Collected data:
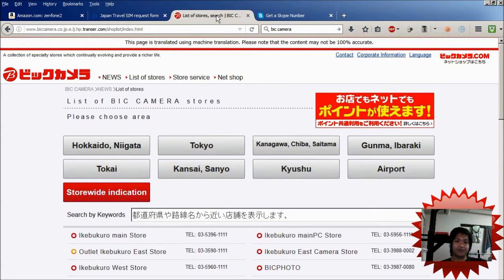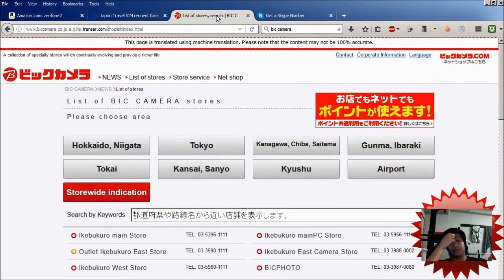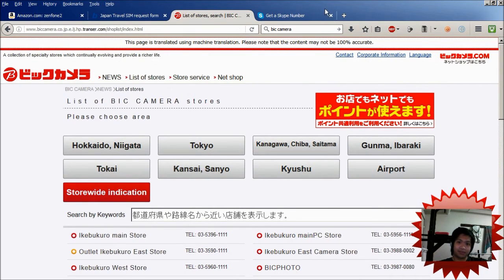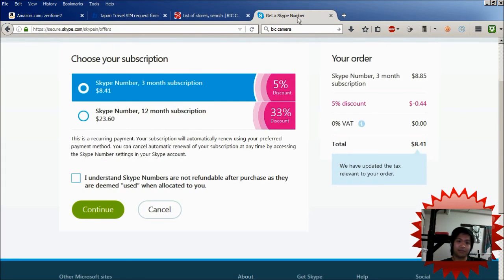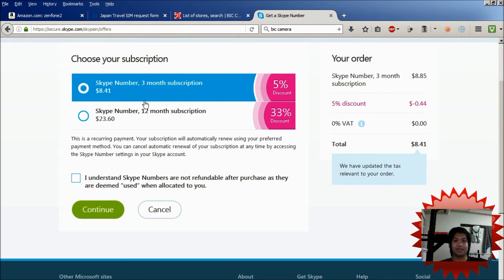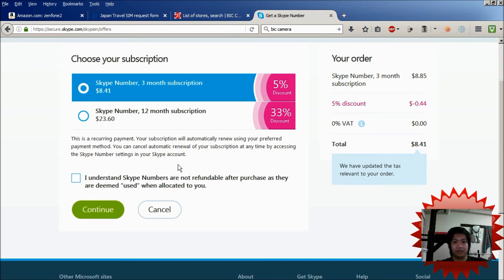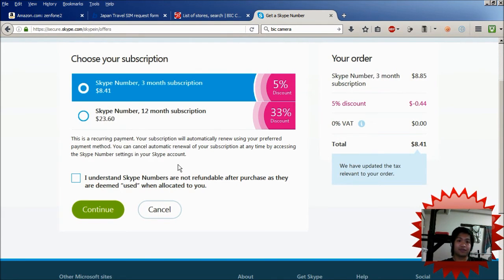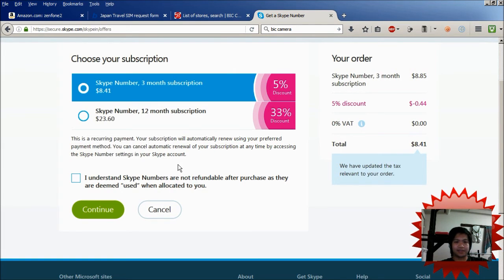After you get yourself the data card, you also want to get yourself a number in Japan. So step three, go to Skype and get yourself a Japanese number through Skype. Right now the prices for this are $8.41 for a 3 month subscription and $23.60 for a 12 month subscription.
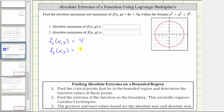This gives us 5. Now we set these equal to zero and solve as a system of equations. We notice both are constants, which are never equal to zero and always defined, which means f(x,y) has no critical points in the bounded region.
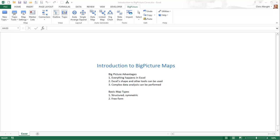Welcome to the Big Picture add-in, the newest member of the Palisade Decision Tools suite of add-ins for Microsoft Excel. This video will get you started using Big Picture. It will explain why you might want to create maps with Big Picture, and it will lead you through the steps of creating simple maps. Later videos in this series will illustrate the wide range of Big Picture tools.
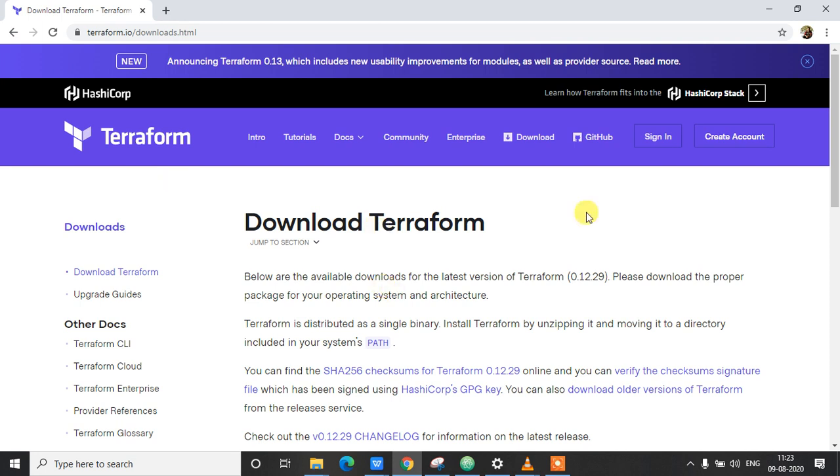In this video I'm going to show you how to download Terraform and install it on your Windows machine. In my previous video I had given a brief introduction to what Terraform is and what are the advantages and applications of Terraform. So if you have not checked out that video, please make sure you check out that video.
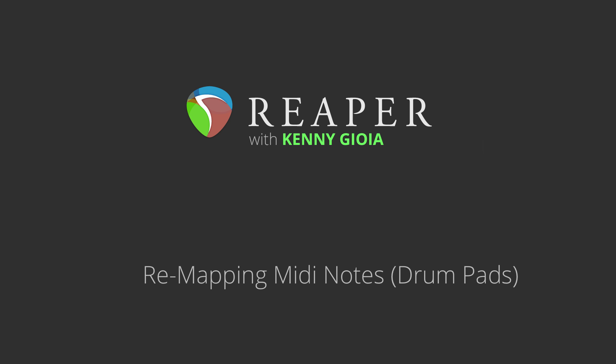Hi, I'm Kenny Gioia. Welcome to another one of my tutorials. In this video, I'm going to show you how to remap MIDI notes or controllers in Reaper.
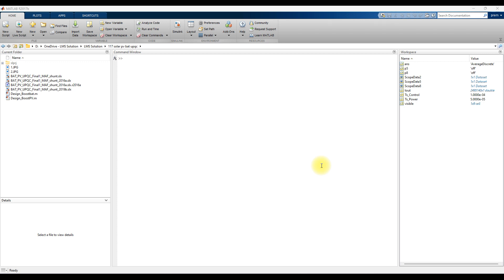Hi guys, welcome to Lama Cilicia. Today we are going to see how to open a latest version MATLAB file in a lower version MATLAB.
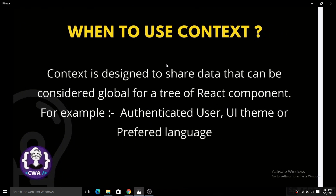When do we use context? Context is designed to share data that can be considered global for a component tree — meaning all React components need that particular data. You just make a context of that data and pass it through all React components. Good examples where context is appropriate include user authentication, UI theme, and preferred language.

_Assigned task:_ The response should be the lines from the one containing "This gives us" through the final line of the records, reproduced exactly and with every picture left out.

_Expected answer:_
This gives us 5. Now we set these equal to zero and solve as a system of equations. We notice both are constants, which are never equal to zero and always defined, which means f(x,y) has no critical points in the bounded region.
Welcome to the Big Picture add-in, the newest member of the Palisade Decision Tools suite of add-ins for Microsoft Excel. This video will get you started using Big Picture. It will explain why you might want to create maps with Big Picture, and it will lead you through the steps of creating simple maps. Later videos in this series will illustrate the wide range of Big Picture tools.
In this video I'm going to show you how to download Terraform and install it on your Windows machine. In my previous video I had given a brief introduction to what Terraform is and what are the advantages and applications of Terraform. So if you have not checked out that video, please make sure you check out that video.
Hi, I'm Kenny Gioia. Welcome to another one of my tutorials. In this video, I'm going to show you how to remap MIDI notes or controllers in Reaper.
Hi guys, welcome to Lama Cilicia. Today we are going to see how to open a latest version MATLAB file in a lower version MATLAB.
When do we use context? Context is designed to share data that can be considered global for a component tree — meaning all React components need that particular data. You just make a context of that data and pass it through all React components. Good examples where context is appropriate include user authentication, UI theme, and preferred language.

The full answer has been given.